A delegada Marília Ferreira Alencar, da Polícia Federal (PF), foi denunciada pela Procuradoria-Geral da República (PGR) por atuar na organização de blitzes em diversas partes do país no dia 30 de outubro de 2022, durante o segundo turno, na tentativa de impedir que eleitores do então candidato à presidência, Luiz Inácio Lula da Silva (PT), chegassem aos seus locais de votação.
De acordo com conversas investigadas pela PGR em denúncia divulgada nesta terça-feira (18), o órgão concluiu que a ex-subsecretária de Segurança Pública do Distrito Federal (DF) integrou uma organização criminosa cujo intuito era manter o então presidente Jair Bolsonaro (PL) no poder. Os detalhes foram divulgados nesta sexta-feira (21) pelo portal Metrópoles.
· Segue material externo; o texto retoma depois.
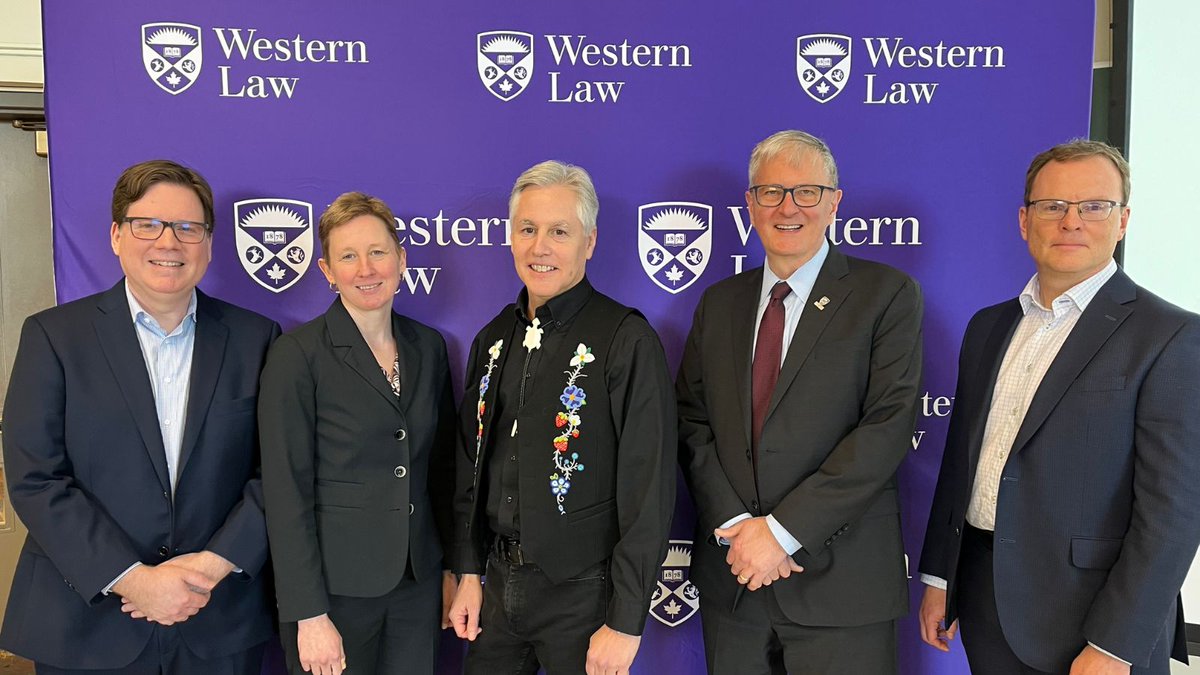 At the 2024 Coxford Lecture, Prof. John Borrows, Loveland Chair in Indigenous Law at @uoftlaw, explored the array of forces, including the air, water, fire, rocks, plants, insects, fish, birds & animals, at the heart of Anishinaabe law & constitutionalism. buff.ly/43WQRhi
Segundo mensagens trocadas pelo celular logo após o primeiro turno de 2022, a delegada solicitou uma pesquisa com os locais onde Lula teve uma votação expressiva visando coordenar estratégias para interferir no resultado das eleições.
Alencar era diretora de Inteligência do Ministério da Justiça durante a gestão de Anderson Torres, que também foi denunciado pela PGR por participar da tentativa de golpe de Estado. Em um grupo com colegas da pasta e da PF, ela escreveu, quatro dias após o primeiro turno: “[Em] Belford Roxo (RJ), o prefeito é vermelho. Precisa reforçar PF. Menos 25.000 votos no 9 [nine (nove, em inglês), termo usado para se referir a Lula]”.
“Pelotas [RS] foi 52×36 [%] pro Lula. 202 mil habitantes”, postou na conversa. “Os caras têm que rodar essas bases”. Em resposta, o delegado da PF e colega no Ministério da Justiça, Fernando de Souza, recomenda o envio de equipes ao Rio Grande do Sul, onde “tem muito eleitor do PT”.
A 15 dias do segundo turno, o coordenador de operações Leo Garrido anunciou no grupo a finalização dos planos para Bahia, Ceará e Pernambuco, estados do Nordeste com número expressivo de votos em Lula.
“Desvio de finalidade das ações policiais”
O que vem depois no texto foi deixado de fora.